**Required work**
Retype the entries exactly; omit all pictures.
___ Input data ___
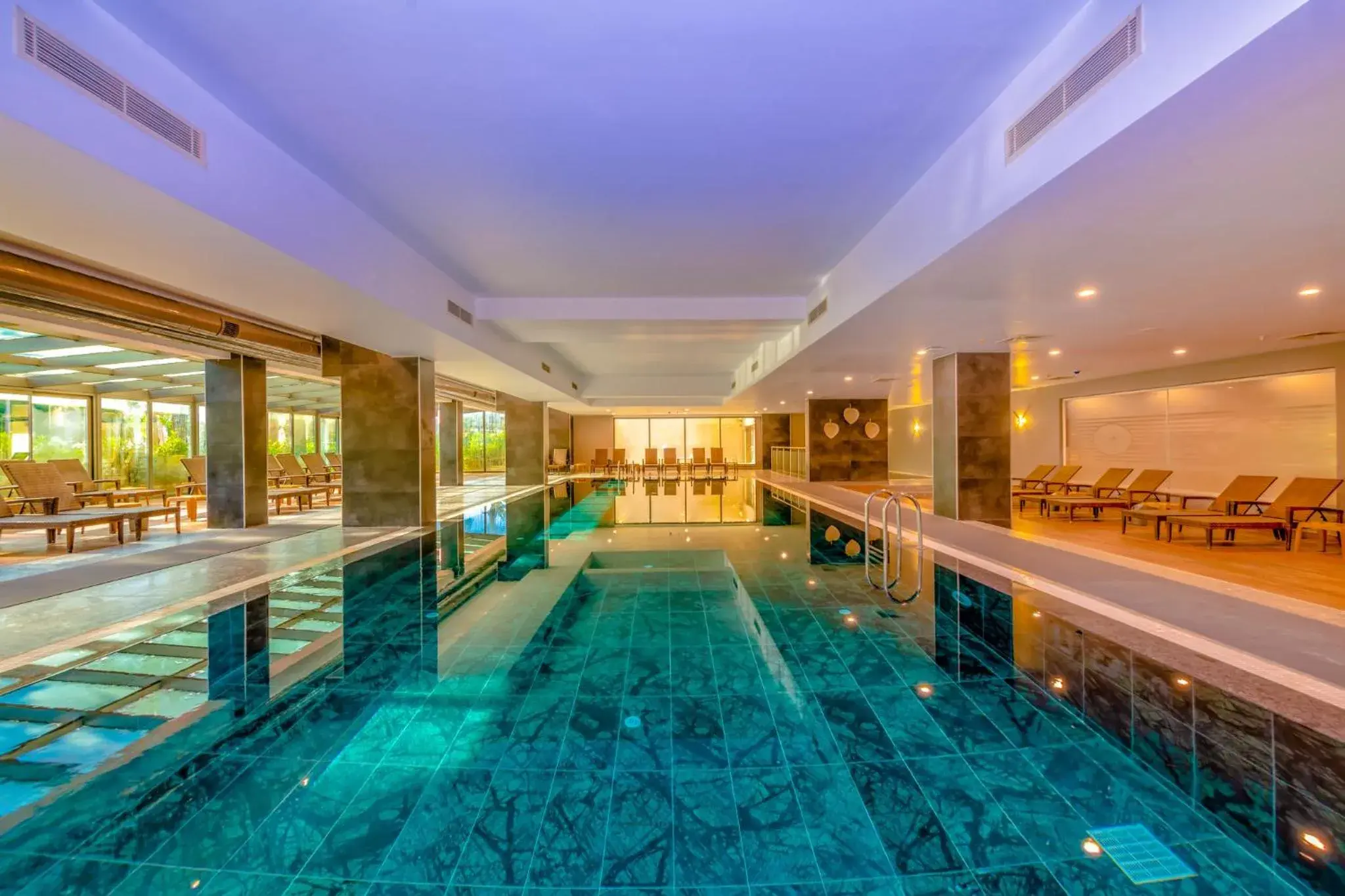 Swimming pool in Belek Beach Resort Hotel Swimming pool in Belek Beach Resort Hotel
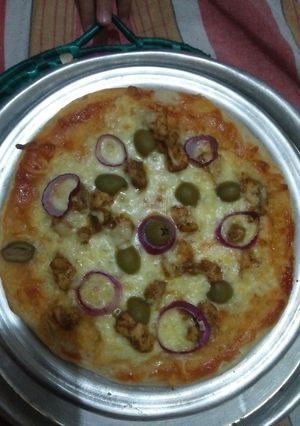 A picture of Chicken tikka pizza.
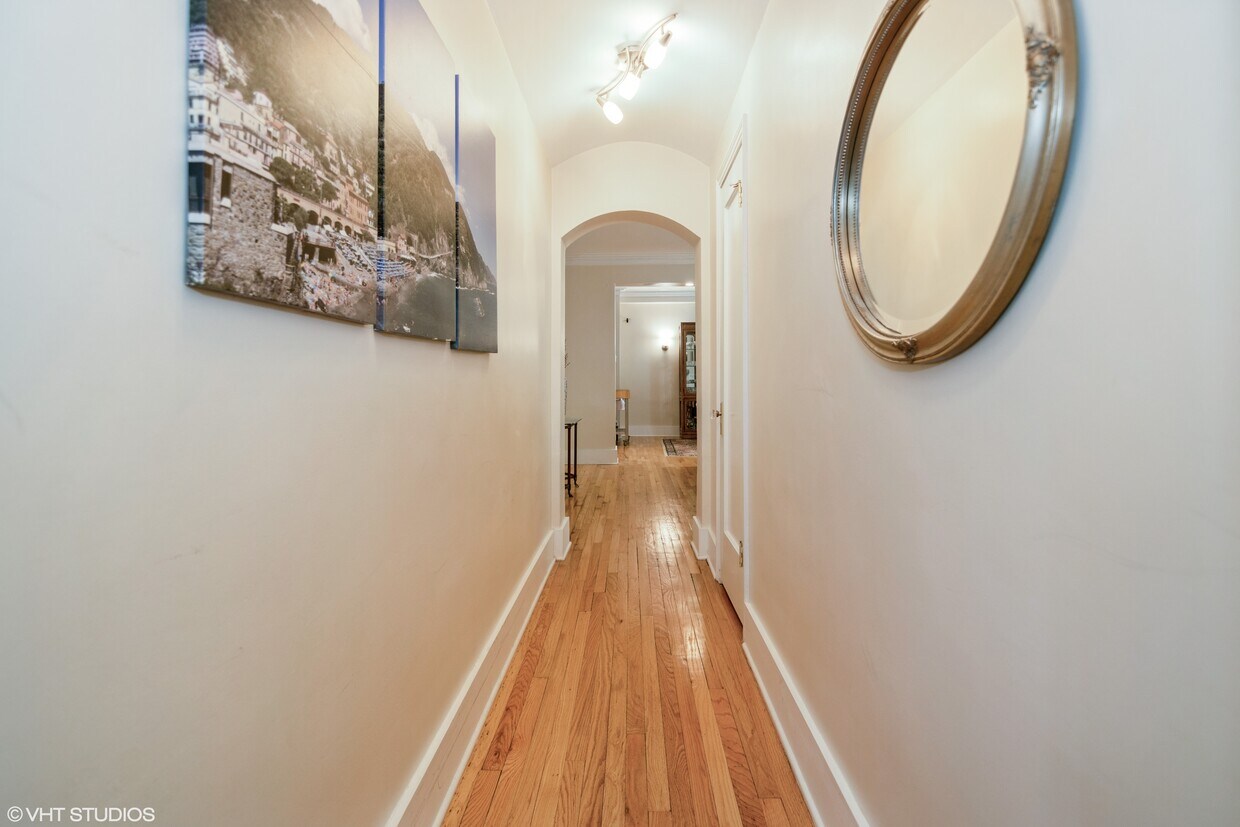 Entry Hall - 609 W Stratford Plz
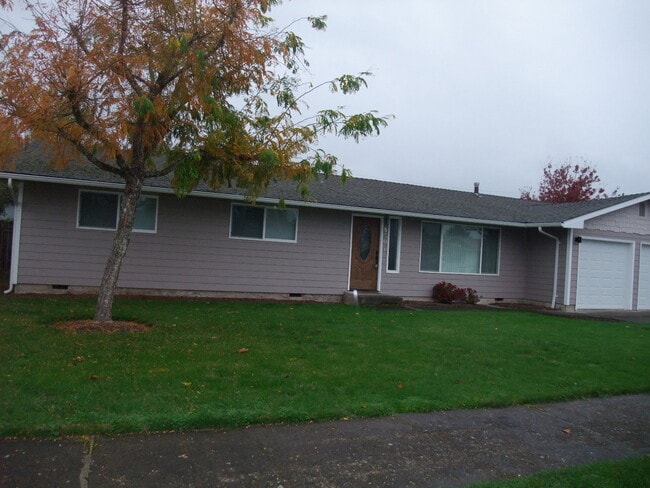 Building Photo - Very Nice Clean Updated Home in Lebanon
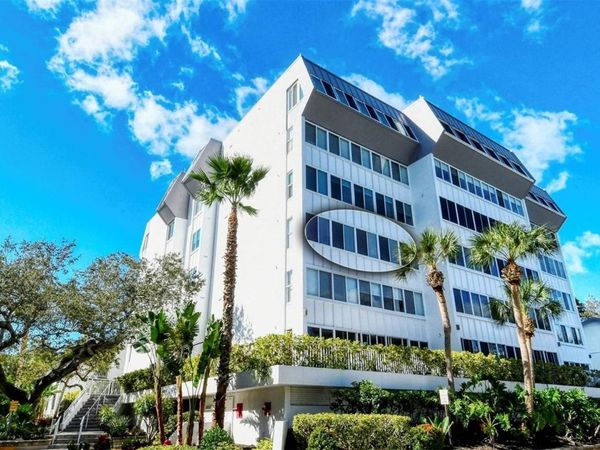 1255 E PEPPERTREE DRIVE, Unit 305, SARASOTA, FL 34242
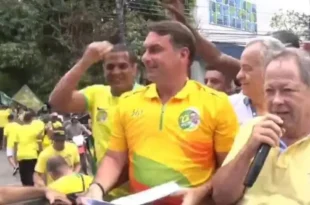 Tudo a ver: miliciano condenado no caso Marielle chama Flávio Bolsonaro de “nosso senador”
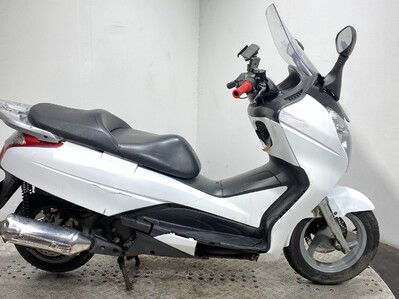 Honda Fes 125 2014 SILVERWING MAXI SCOOTER RUNNING PROJECT BIKE 125CC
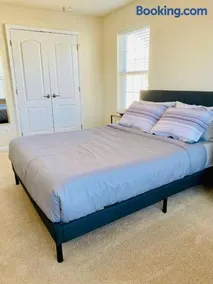 Premium Bedroom & Private Bathroom Long or Short Term 1 - Image 5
___
**Answer section**
 Swimming pool in Belek Beach Resort Hotel Swimming pool in Belek Beach Resort Hotel
 A picture of Chicken tikka pizza.
 Entry Hall - 609 W Stratford Plz
 Building Photo - Very Nice Clean Updated Home in Lebanon
 1255 E PEPPERTREE DRIVE, Unit 305, SARASOTA, FL 34242
 Tudo a ver: miliciano condenado no caso Marielle chama Flávio Bolsonaro de “nosso senador”
 Honda Fes 125 2014 SILVERWING MAXI SCOOTER RUNNING PROJECT BIKE 125CC
 Premium Bedroom & Private Bathroom Long or Short Term 1 - Image 5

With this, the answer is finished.